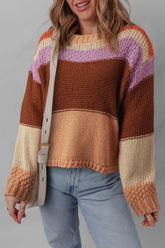 Colorblock Striped Round Neck Sweater Multicolor OutfitFlow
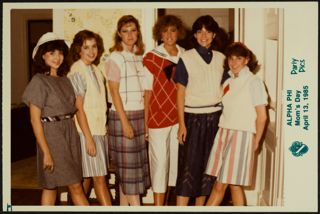 Six Phi Chapter Members Modeling for Mom's Day Photograph, April 13, 1985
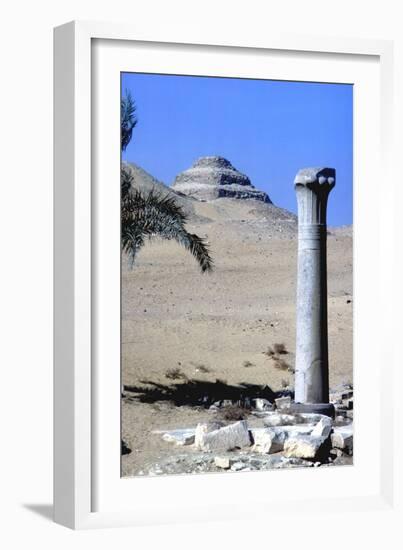 Step Pyramid of King Djoser (Zozer) Behind Ruins of Temple, Saqqara, Egypt, C2600 Bc-Imhotep-Framed Photographic Print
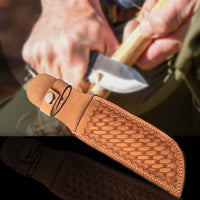 Hulara_Genuine Leather Case Handmade Real Leather Knife Sheaths With Belt Loop Pocket Knife Holder For Belt 4.7" Blade Fits Knife Holster - 9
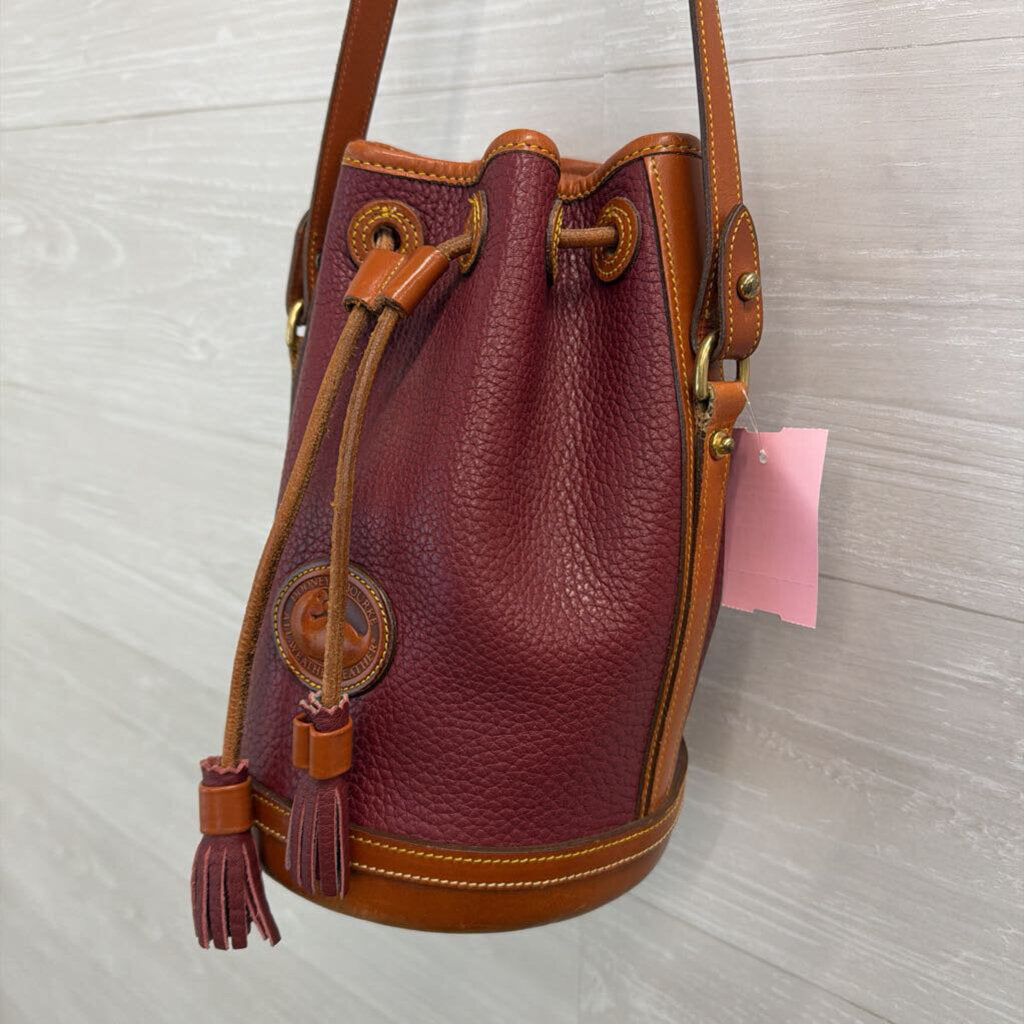 Vintage Dooney and Bourke Burgundy/ Brown Leather Small Bucket Bag Purse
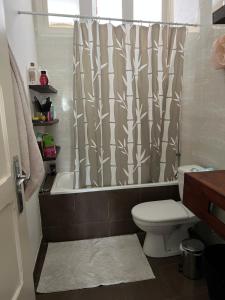a bathroom with a toilet and a shower curtain at Ponta Mina Room in São Tomé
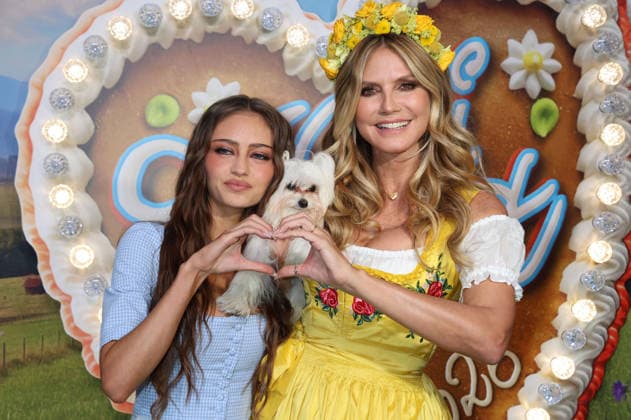 Leni Klum und Heidi Klum mit Hund Fritz bei der Ankunft zur RTL TV-Show HeidiFest by Heidi Klum im Hofbräuhaus. München, 17.09.2026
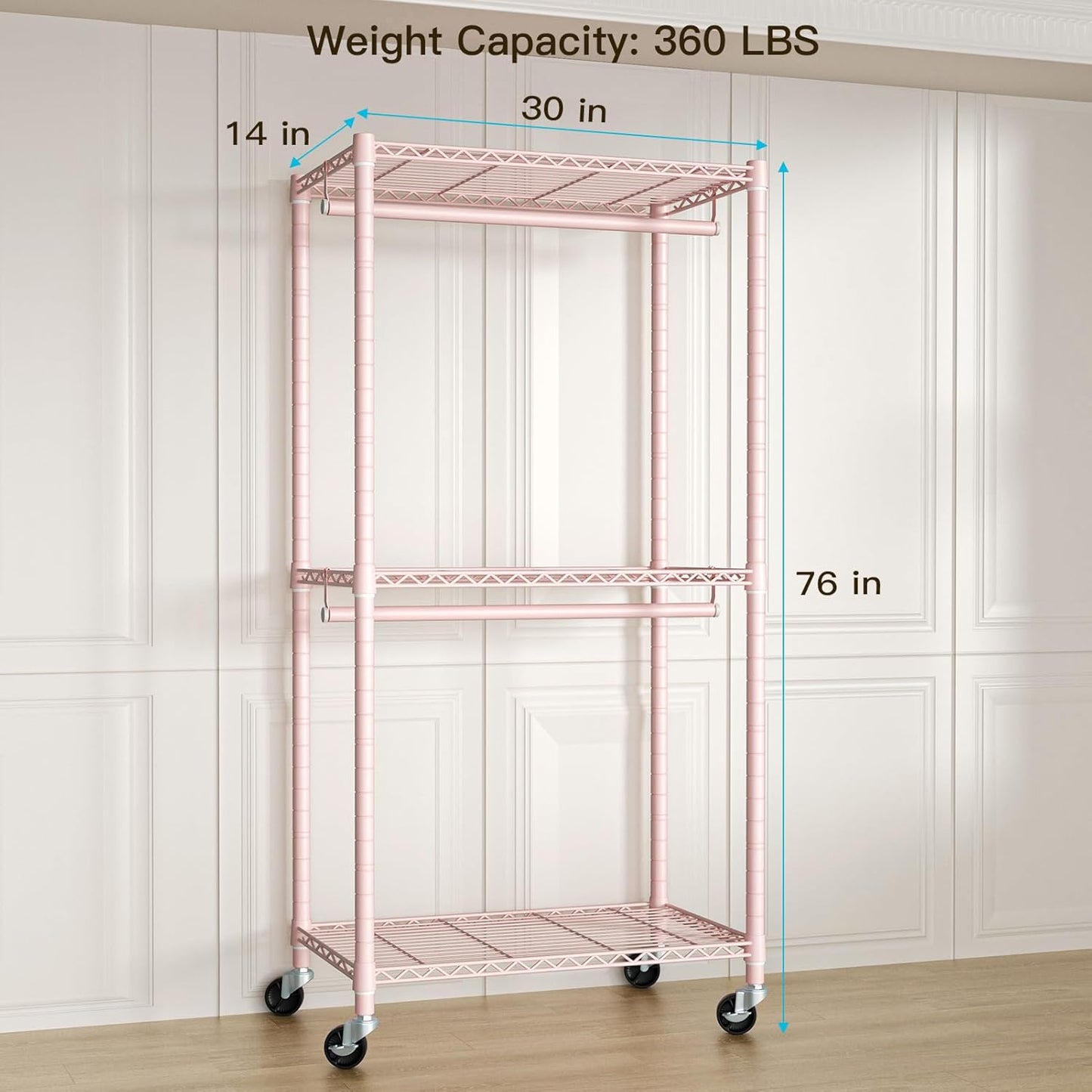P1 Medium Heavy-Duty Portable Closet, 30" W x 14" D x 76" H, Metal Rolling Clothing Rack, Pink
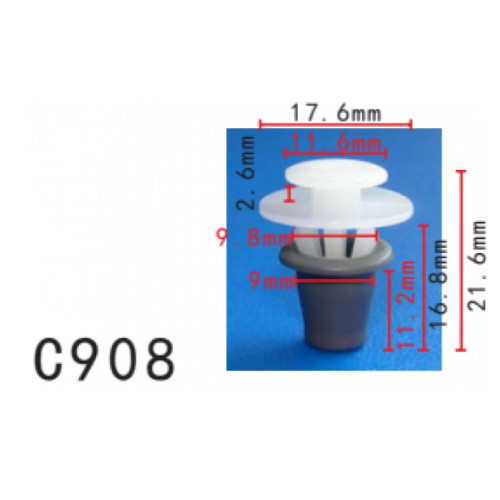Кліпси C0908 молдингу/дверей Citroen VW Audi 95667895 37853575 ( уп. 100 шт.) Кліпси C0908 молдингу/дверей Citroen VW Audi 95667895 37853575 ( уп. 100 шт.)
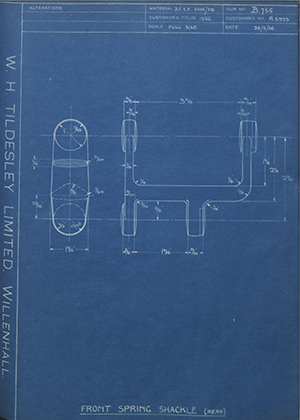 Riley (Coventry) LTD A5933 Front Spring Shackle (Rear) WH Tildesley Forging Technical Drawing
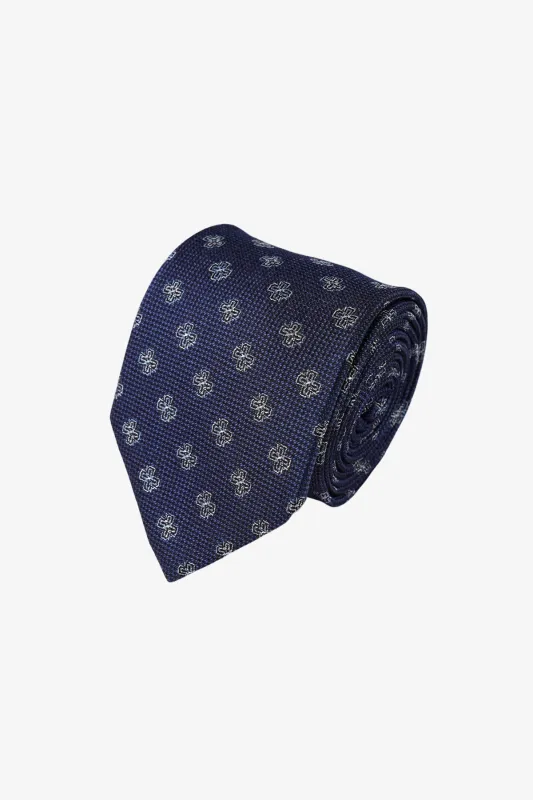 Tie - Silk & Linen Navy Pattern made by Anthony Squires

-- -- --

> [THE TASK]:
Word for word, copy the lines from the one with "Leni Klum und" through the end of the entries above, and do not include any picture.

> [EXERCISE RESULT]:
 Leni Klum und Heidi Klum mit Hund Fritz bei der Ankunft zur RTL TV-Show HeidiFest by Heidi Klum im Hofbräuhaus. München, 17.09.2026
P1 Medium Heavy-Duty Portable Closet, 30" W x 14" D x 76" H, Metal Rolling Clothing Rack, Pink
Кліпси C0908 молдингу/дверей Citroen VW Audi 95667895 37853575 ( уп. 100 шт.) Кліпси C0908 молдингу/дверей Citroen VW Audi 95667895 37853575 ( уп. 100 шт.)
 Riley (Coventry) LTD A5933 Front Spring Shackle (Rear) WH Tildesley Forging Technical Drawing
 Tie - Silk & Linen Navy Pattern made by Anthony Squires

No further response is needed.